At its core, Cosmo is a magazine that focuses on women’s relationships — with men and with themselves. By making its readers the focus, the Israeli edition stands out from other women’s magazines in Israel, which also deal with children, pregnancy and home-keeping. These include At (You), Olam Haisha (Woman’s World) and the widely distributed LaiSha (For Women).

“Being good to yourself is a very non-Jewish, non-Israeli concept. But Israeli women are learning to take better care of themselves,” Kantor Matarrasso said.

Ivriya Gal, a prominent clinical psychologist who specializes in therapy for couples and individuals, tends to agree. “Women here stay single longer than they used to and allow themselves to enjoy life,” she said. “Still, there is a lot of stress and pressure to get married, and women who don’t feel very guilty.”

Israeli men, Gal told the Forward, don’t have it easy either. Contrary to appearances, she said, “the macho image they have to uphold takes an emotional toll. Combined with the stressful atmosphere in Israel, it creates a lot of fear and anxiety about sexual functioning and potency.” On the bright side, she noted that “Israelis are more open. When there is closeness and intimacy between two partners, it can be very deep.”

Some 60,000 copies of the first issue of Israeli Cosmo were printed, each containing 210 glossy pages. For the Israeli equivalent of about $5, it offers feature articles of the kind familiar to American Cosmo readers — “Angelina Jolie Tells All,” “The Five Things That Scare Him Away From Your Bed” and “Ninety Nine Ways to Make Him Want You.”

Regular departments include “Men: The Instruction Manual,” “Beauty and Fashion,” “Sex and Love,” “Life and Work,” “Health and Fitness,” “Stars and Entertainment” and the ubiquitous Cosmo horoscope.

True to Kantor Matarrasso’s mission, a monthly column by Karin Arad, the author of a funky Internet manifesto about female sexuality that has become the unofficial bible of Israeli women, urges readers to get rid of their cynicism and get in touch with their emotions.

Although Israeli Cosmo does not specifically cover religious or Jewish issues, subjects like women in the military or the country’s political situation do make an appearance. Special emphasis on the magazine’s local identity is evident in a department called “Israeli Reality.” In September, its subject was a young woman whose fiance was killed in a terrorist attack.

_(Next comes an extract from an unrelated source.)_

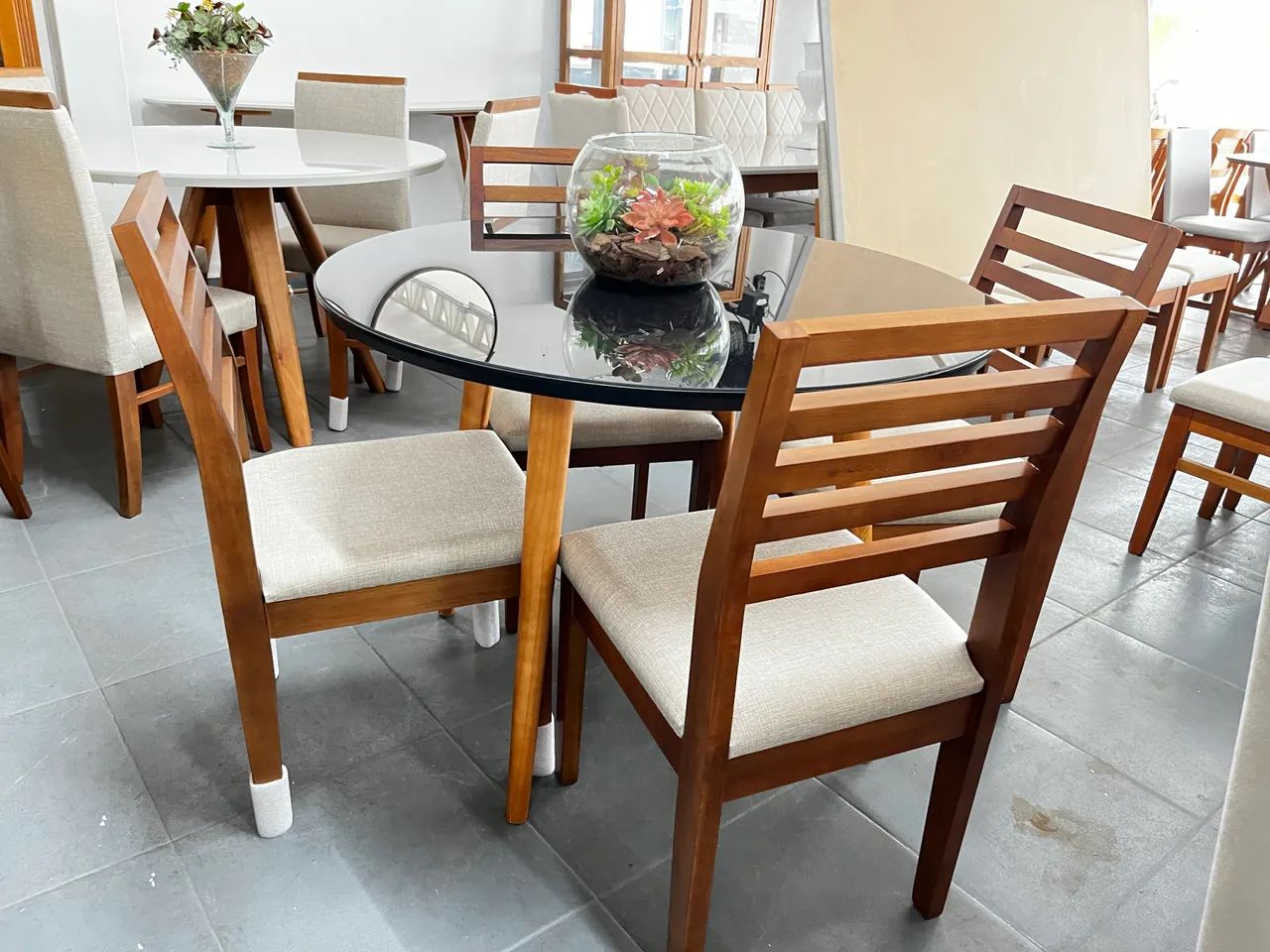 Mesa laca preta - Foto 3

According to Kantor Matarrasso, Cosmo has been enthusiastically received in Israel, and she has been flooded with touching e-mails thanking the magazine for its upbeat, optimistic tone and its message that women can do — and be — anything they want.

Not everyone, however, is happy with the worldview Cosmo represents. Interviewed in Israel’s Ha’aretz newspaper earlier this month, professor Hanna Naveh, who chairs the women and gender studies program at Tel Aviv University, criticized the media’s tendency to present visually a myth of beauty that celebrates youthful femininity and sexuality while excluding older women. According to Naveh, there is no real women’s magazine in Israel. “There is no expression in these magazines of what a 50-year-old woman considers to be beautiful,” Naveh said. “My beauty includes the fact that I gave birth to four children.”

Naveh’s point is well taken. But for those who still feel compelled to find out about ways to deal with hair rendered dry and frizzy by the harsh Israeli climate, why Israeli models are foregoing military service and what a young, single woman should do on Jewish holidays, Cosmo’s next issue is just around the corner.

Talya Halkin is a staff writer for the Jerusalem Post.